Almost all of us at one time or another have gone to the Lord in prayer asking for guidance in some upcoming decision. Lord, is this the person I’m supposed to marry? Lord, should I move my family across the country and take this job? Lord, should I stay home and care for our parents or should we put them in the nursing home? And when I say we’re looking for guidance what I mean is that usually we’re looking for answers. We want God to tell us in ways that we can clearly understand “Yes” or “No.” Often, not always, but often, we leave such prayers as frustrated as when we started for God doesn’t show up in burning bushes nearly as often as we’d like (I can only remember one instance in all of history. And Moses hadn’t asked God anything. God just showed up.)
When I read the New Testament, I become even more frustrated. I realize that Jesus wasn’t that good at answering questions either. Half the time when somebody asks Jesus a question he asks them one right back (see Luke 10:25-26; 20:20-24). On many of the other occasions Jesus’ answer seems to go in a totally different direction. Someone asks him to settle a dispute and Jesus tells them to watch out for greed (Luke 12:13-21). Another asks Jesus about the cause of a tragedy and Jesus tells the questioner to repent (Luke 13:1-5). Throughout the pages of the Bible it becomes apparent that answering all of our questions isn’t one of God’s main goals in this life.
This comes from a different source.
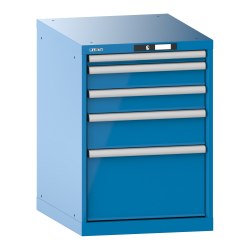 LISTA - Armoire à tiroirs 27x36E (LxPxH) 564x725x800mm 5 tiroirs (1x50/2x100/1x150/1x300) 75kg KEY Lock Bleu clair RAL 5012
Does this make God cruel? That’s one way to interpret it. As a believer, though, I trust that God cares for me. If he doesn’t give me an answer to my questions, then there must be a reason (and a reason rooted in his love for me). I think of my own children. Do I always answer all of their questions? No. Some I don’t answer because I don’t know the answer – this obviously doesn’t apply to God who knows all things. Other times, though, I refuse to answer a question because I know refusing to give them an answer is for their benefit. Take for example, Sophie’s homework. She’s just in kindergarten, so I still know all the answers to what she’s working on. But does it help her if I just fill in the blanks for her? Of course, not. Part of growing wise is learning how to figure things out on her own. I don’t abandon her. I’m there to encourage, to provide her with resources, to make sure she has help when she needs it. But ultimately, for her to grow in wisdom, she must make decisions on her own.
Perhaps, this is one of the reasons God doesn't always answer our questions. He gives us everything we need for life and godliness (2 Peter 1:3-4). Sometimes that includes the answers to our questions, sometimes not. Because the truth is, God wants us to possess more than the answers to our questions. He wants us to be wise children who know how to discern his will and not simply copy down the answers from some heavenly cheat sheet. He wants us to grow up to be like him. While we might not like this arrangement, I hope we trust that it is for our ultimate good.
Choose my instruction instead of silver,
knowledge rather than choice gold,
For wisdom is more precious than rubies,
and nothing you desire can compare with her – Proverbs 8:10-11.